UN Goodwill Ambassador Jolie launches centre for refugee children in US

Jolie and William McCarren at luncheon to mark founding
Thousands of children fleeing persecution around the world and arriving alone in the United States will now have better access to free legal counsel, thanks to a new national centre launched by United Nations Goodwill Ambassador Angelina Jolie.

“The point of all this is, when children cross into this country alone and they're scared, we must hear them out before we make the choice to either allow them asylum in our country or send them away,” said the film star, a Goodwill Ambassador for the UN High Commissioner for Refugees (UNHCR), who donated $500,000 to the centre.

“It is unethical to not listen to these children. Because without legal representation we are sending children to court to represent themselves in a language that most of them don't understand.
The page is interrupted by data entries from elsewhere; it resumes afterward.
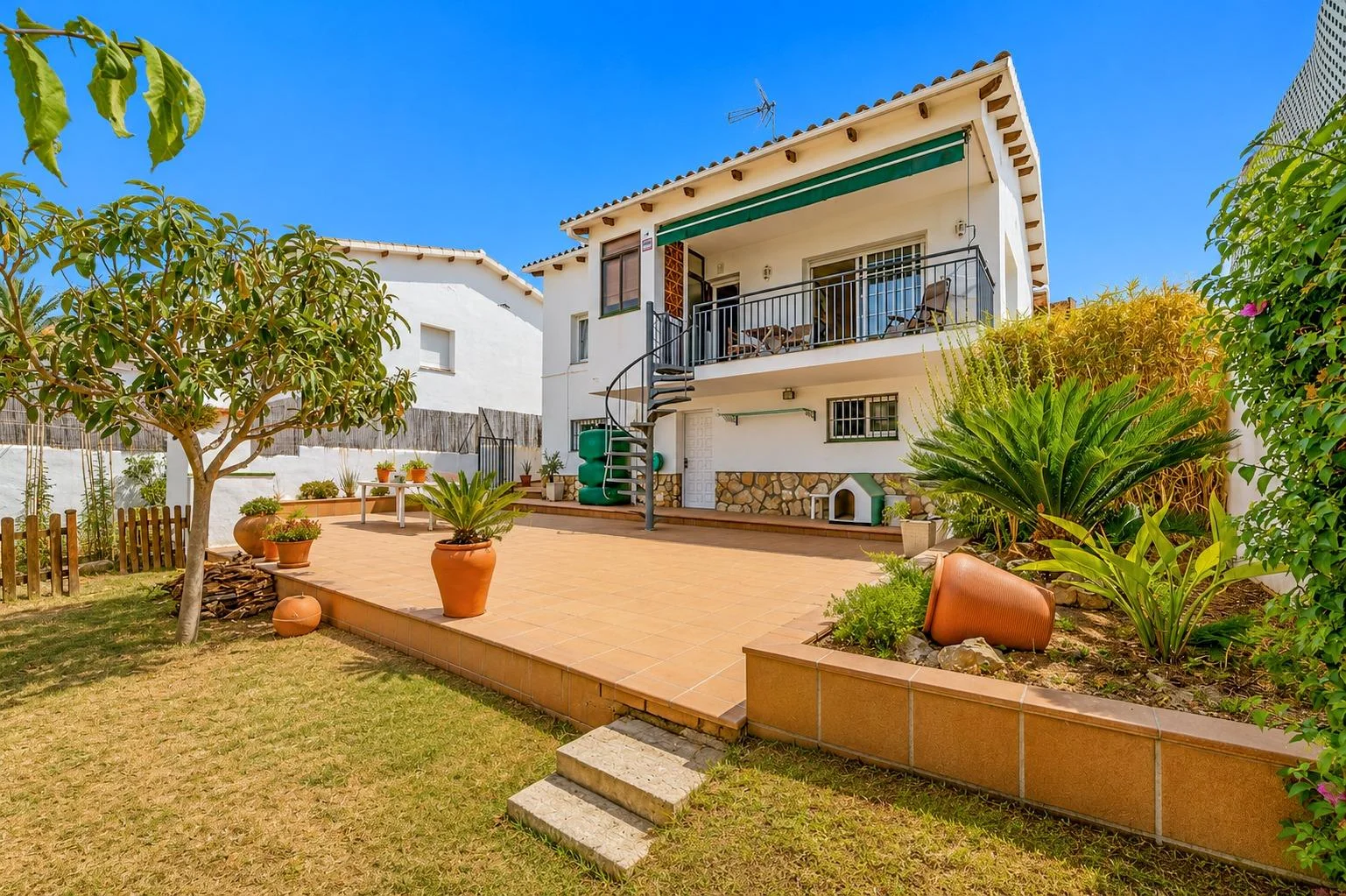 Four-bedroom house near Sitges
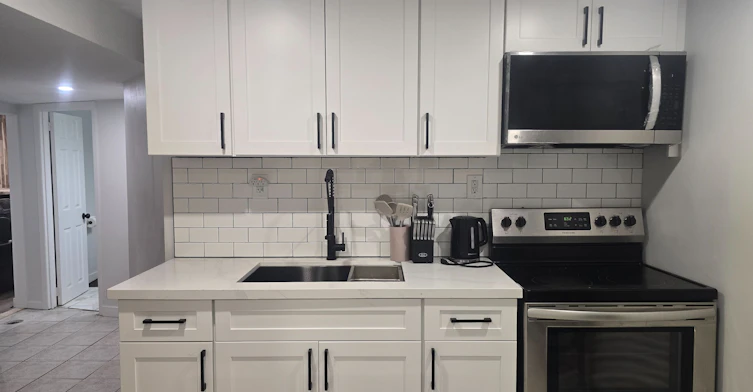 Lower-211 Glen Hill Drive, Whitby, ON, L1N 7J5 - 9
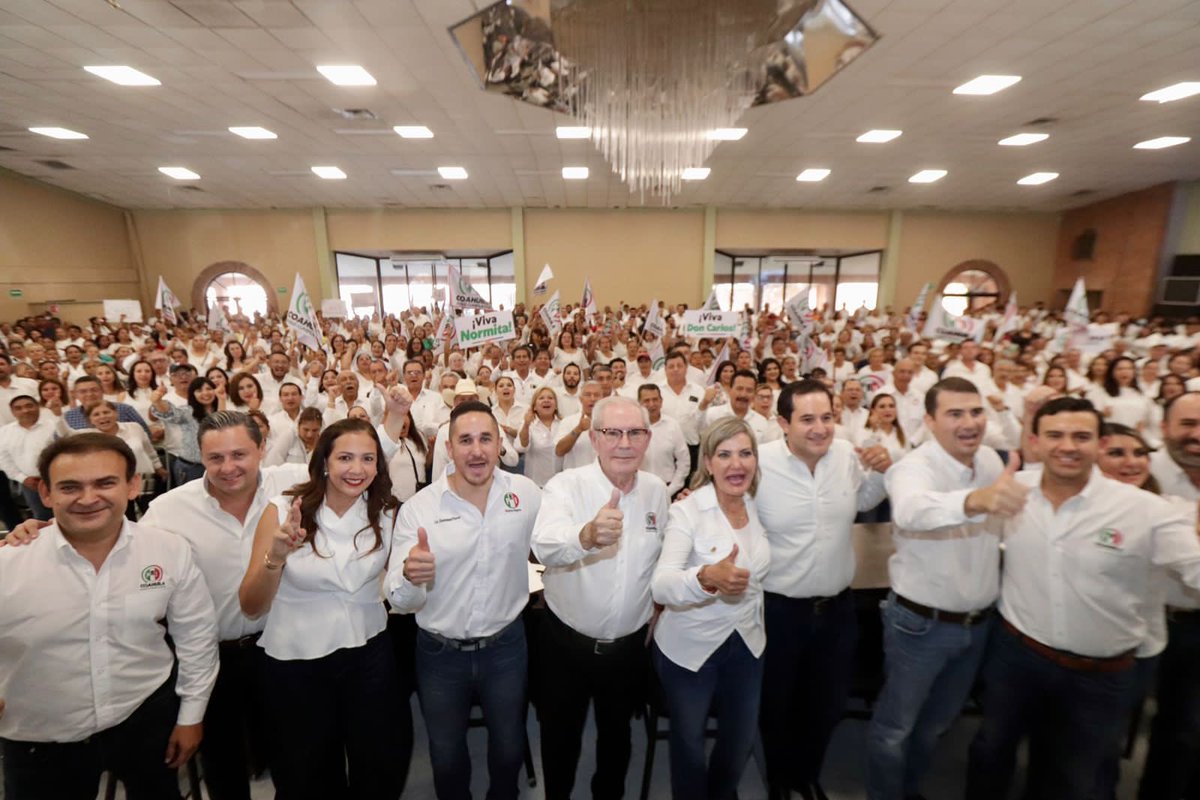 PRICoahuila's tweet photo. El PRI, al igual que la Patria, empiezan desde frontera segura de México.
Desde aquí, el priismo nigropetense fue reconocido por contribuir en la victoria más contundente de la historia de nuestro partido, que llevó a la gubernatura a Manolo Jiménez Salinas.
#AquíCumplimos https://t.co/O68Fdy6rpA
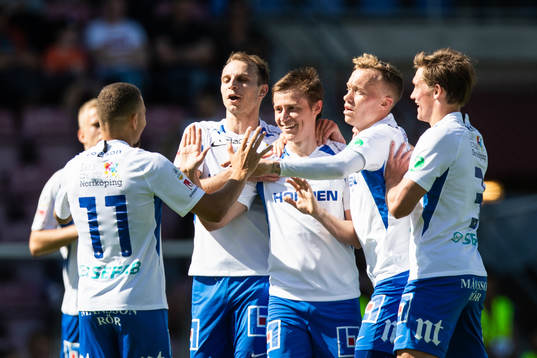 IFK Norrköpings Jordan Larsson jublar med lagkamrater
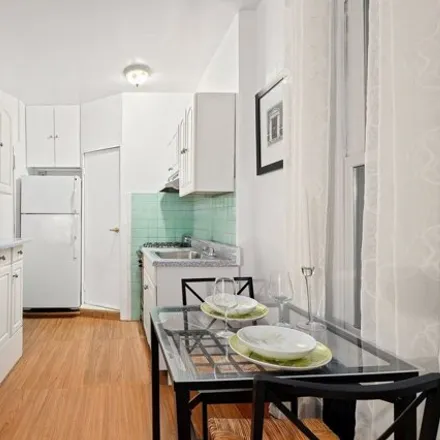 Image 5 - 715 9th Ave Apt 2FN, New York, 10019 - Apartment for sale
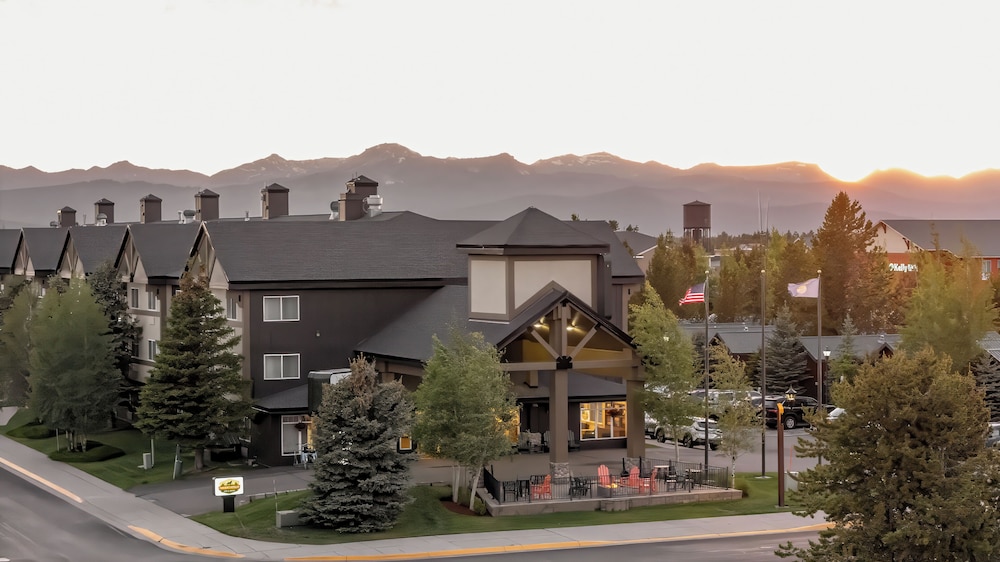 Gray Wolf Inn And Suites 2/67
And expecting them to recall accounts so frightening and humiliating, they wouldn't want to tell anyone, let alone a room full of strangers,” she added.

The National Center for Refugee and Immigrant Children, in Washington, is being run in partnership with the US Committee for Refugees and Immigrants and the American Immigration Lawyers Association. The key to its success is the commitment of large law firms throughout the US to provide pro bono services in their communities.

Every year more than 5,000 children from around the world arrive in the US unaccompanied. Many are asylum seekers who fled armed conflict and human rights abuses in their homelands, including forced recruitment as child soldiers, forced prostitution and servitude, sexual slavery and exploitation, child labour, abuse of street children, child brides and female genital mutilation.

A number of them are apprehended immediately at airports or land borders as they lack proper documentation. Others are detained after crossing the border illegally. Many are trafficked into the US to work in sweatshops or prostitution rings.

They often go through complex immigration court proceedings alone, without lawyers. The Unaccompanied Alien Child Protection Act of 2005 offers systemic reform in the treatment of these children, with greater emphasis on ensuring pro bono lawyers, and the centre will support the bill by seeking lawyers willing to donate their time to help children access asylum and other forms of humanitarian protection.